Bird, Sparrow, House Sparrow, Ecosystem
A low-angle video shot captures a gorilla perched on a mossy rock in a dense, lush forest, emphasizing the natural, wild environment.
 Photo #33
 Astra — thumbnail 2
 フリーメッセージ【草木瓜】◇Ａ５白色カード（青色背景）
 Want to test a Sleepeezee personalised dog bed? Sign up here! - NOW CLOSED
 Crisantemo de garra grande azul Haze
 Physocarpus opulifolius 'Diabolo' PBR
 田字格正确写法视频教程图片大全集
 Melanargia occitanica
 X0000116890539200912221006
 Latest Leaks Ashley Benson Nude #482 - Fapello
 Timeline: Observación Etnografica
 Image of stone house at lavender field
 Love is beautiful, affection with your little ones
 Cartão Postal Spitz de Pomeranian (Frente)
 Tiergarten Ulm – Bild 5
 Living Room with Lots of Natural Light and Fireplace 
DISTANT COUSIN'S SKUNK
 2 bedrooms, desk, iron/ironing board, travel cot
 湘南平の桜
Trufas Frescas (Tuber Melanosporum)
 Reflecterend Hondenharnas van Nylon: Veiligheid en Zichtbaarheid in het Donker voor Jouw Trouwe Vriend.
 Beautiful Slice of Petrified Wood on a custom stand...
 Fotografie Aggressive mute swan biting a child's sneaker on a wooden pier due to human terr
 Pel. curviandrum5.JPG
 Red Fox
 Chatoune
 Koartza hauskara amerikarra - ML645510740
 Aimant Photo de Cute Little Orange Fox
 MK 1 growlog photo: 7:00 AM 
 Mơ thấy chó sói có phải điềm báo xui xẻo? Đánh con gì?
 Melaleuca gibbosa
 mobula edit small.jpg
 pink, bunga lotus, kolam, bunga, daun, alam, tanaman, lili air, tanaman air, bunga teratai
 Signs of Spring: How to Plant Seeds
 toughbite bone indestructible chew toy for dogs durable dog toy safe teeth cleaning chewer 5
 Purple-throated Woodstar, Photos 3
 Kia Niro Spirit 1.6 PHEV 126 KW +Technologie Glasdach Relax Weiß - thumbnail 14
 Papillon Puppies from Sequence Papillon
——————————
The line containing "Purple-throated Woodstar, Photos 3" and all lines after it, through the last line of the data, should be retyped exactly.

 Purple-throated Woodstar, Photos 3
 Kia Niro Spirit 1.6 PHEV 126 KW +Technologie Glasdach Relax Weiß - thumbnail 14
 Papillon Puppies from Sequence Papillon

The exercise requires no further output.